Your goal
From the entries below, write out exactly the lines between the line holding "84-856 Lahaina St #C, Waianae, HI, 96792" and the line holding "New 2025 Honda CR-V EX-L image 14", inclusive, excluding any pictures.

Data section
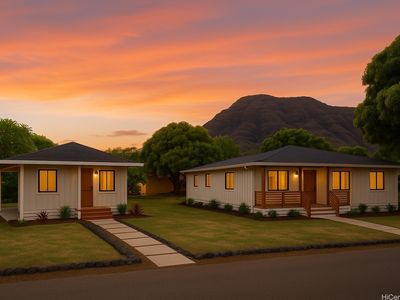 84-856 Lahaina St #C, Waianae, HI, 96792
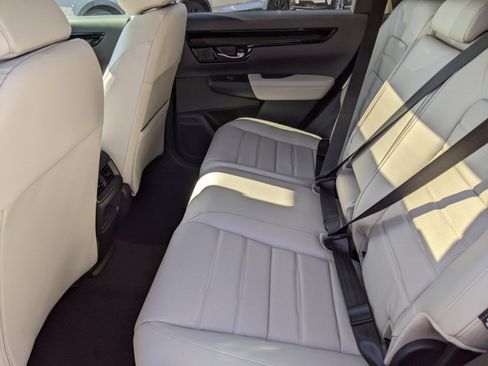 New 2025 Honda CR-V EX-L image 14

...

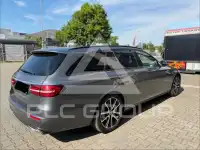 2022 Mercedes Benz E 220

Solution
 84-856 Lahaina St #C, Waianae, HI, 96792
 New 2025 Honda CR-V EX-L image 14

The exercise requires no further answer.